[Date Prev][Date Next][Thread Prev][Thread Next][Date Index][Thread Index]

Re: [HTCondor-users] Remove job without condor_rm



> On Mar 3, 2023, at 1:44 PM, Cole Bollig via HTCondor-users <htcondor-users@xxxxxxxxxxx> wrote:
> 
> Hi Stuart,
> 
> I am glad that the removal of the single line stopped the infinite Schedd segmentation faults. It looks like the condor cron doesn't know how to handle a STEP value without a range (x-y) or asterisk i.e. [1/10]. Because of this invalid STEP value, the matchFields() appears to recursively run until a segmentation fault occurs. Sorry you had to stumble across this.

Cole,
	Do you have enough information to open a ticket (and tag it LIGO) or should I do that?

Have you determined if this problem exists in some (or all) 10.x releases as well?

And do you understand why this segfault did not generate a core file, or include a stack trace in the automatic condor daemon segfault notification email (perhaps due to blowing out the Linux process stack with unbounded recursive function calls)?

Are you open to considering the following two RFE tickets?

* Add support for condor_q, condor_hold and condor_rm to work on an offline queue.

* Add a knob for condor_master to start daemons under gdb.

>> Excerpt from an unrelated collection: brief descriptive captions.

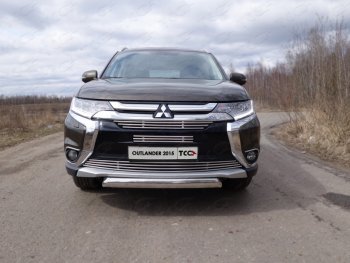 9 349 р. Нижняя декоративная вставка в бампер ТСС Тюнинг  Mitsubishi Outlander  GF (2015-2018) 2-ой рестайлинг (d 12 мм)  с доставкой в г. Таганрог. Увеличить фотографию 1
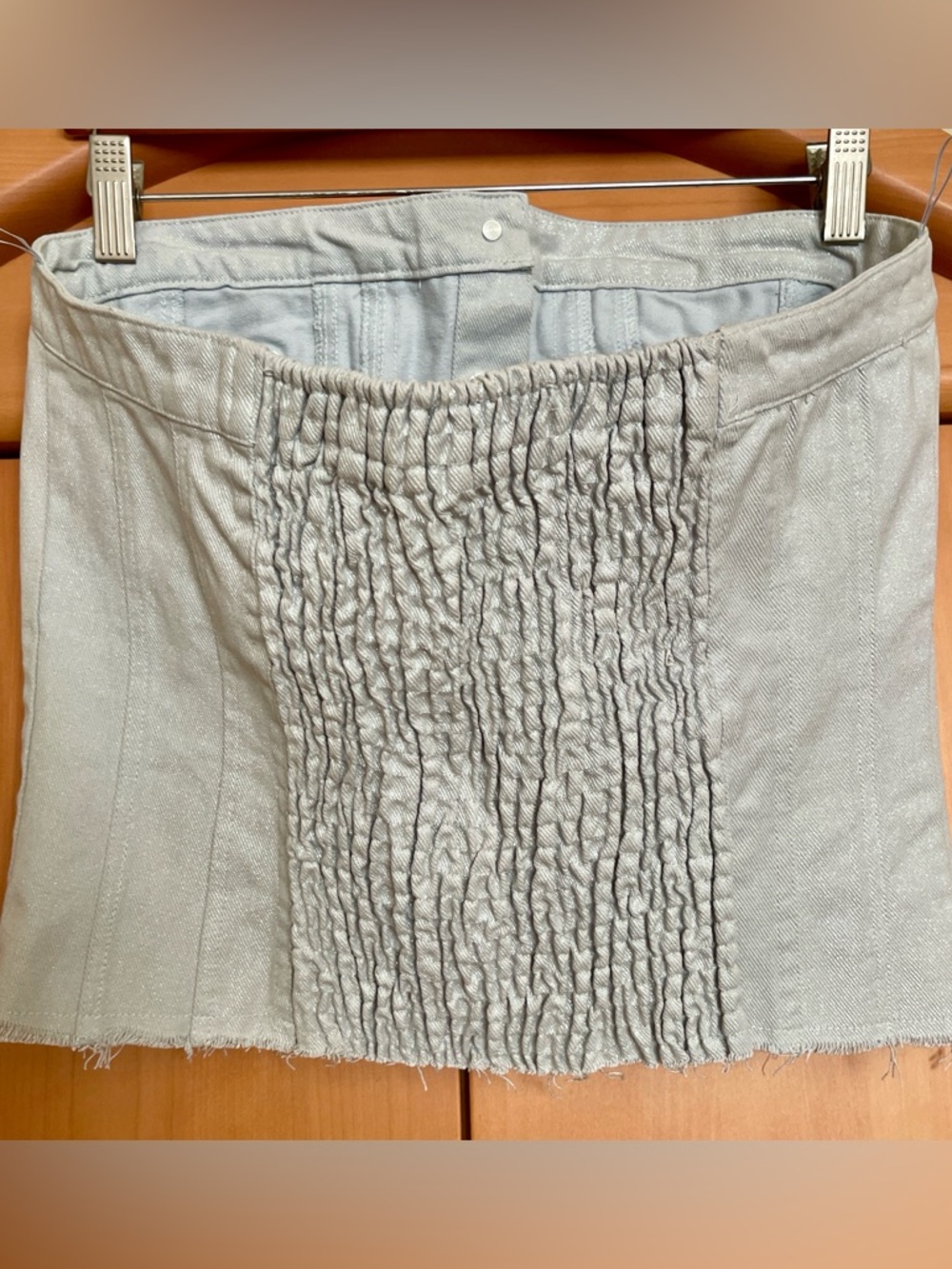 Zara Light Gray Strapless Button-Front Bustier - image 4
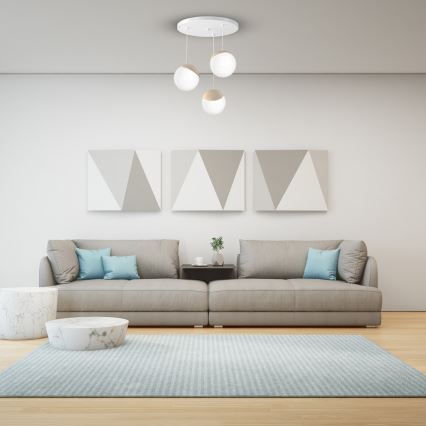 Kattokruunu narulla SFERA WOOD 3xE14/40W/230V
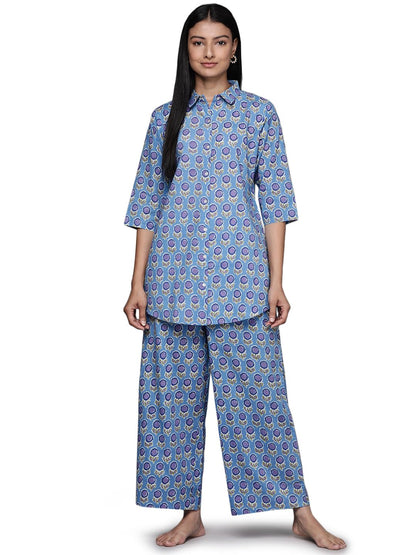 Libas Womens Printed Cotton Night Suit Set For Women Blue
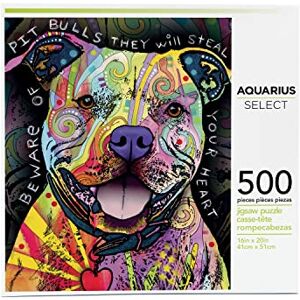 AQUARIUS - Dean Russo Beware Pit Bull Dog Puzzle, 62502, Multicolore, 8 inches - Publicité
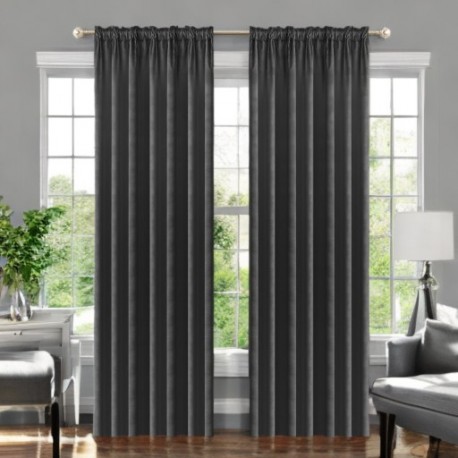 Draperie glamour din catifea gri închis 140 x 230 cm cu bandă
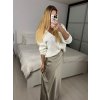 Svetr pletený na knoflíčky dlouhý rukáv dámský oversize Alessandra (S/M/L ONE SIZE) ITALSKÁ MÓDA IMWC233944SM/DU (Velikost S/M/L, Barva šedá)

These are motivated by feeling lucky that I was able to manually attach gdb to a schedd instance before it crashed, and wondering if I would need to replace /usr/sbin/condor_schedd with a script to start the schedd under gdb to get information on the crash, or that I might have to drop the entire queue to get the AP running again.

Thanks.

--
Stuart Anderson
sba@xxxxxxxxxxx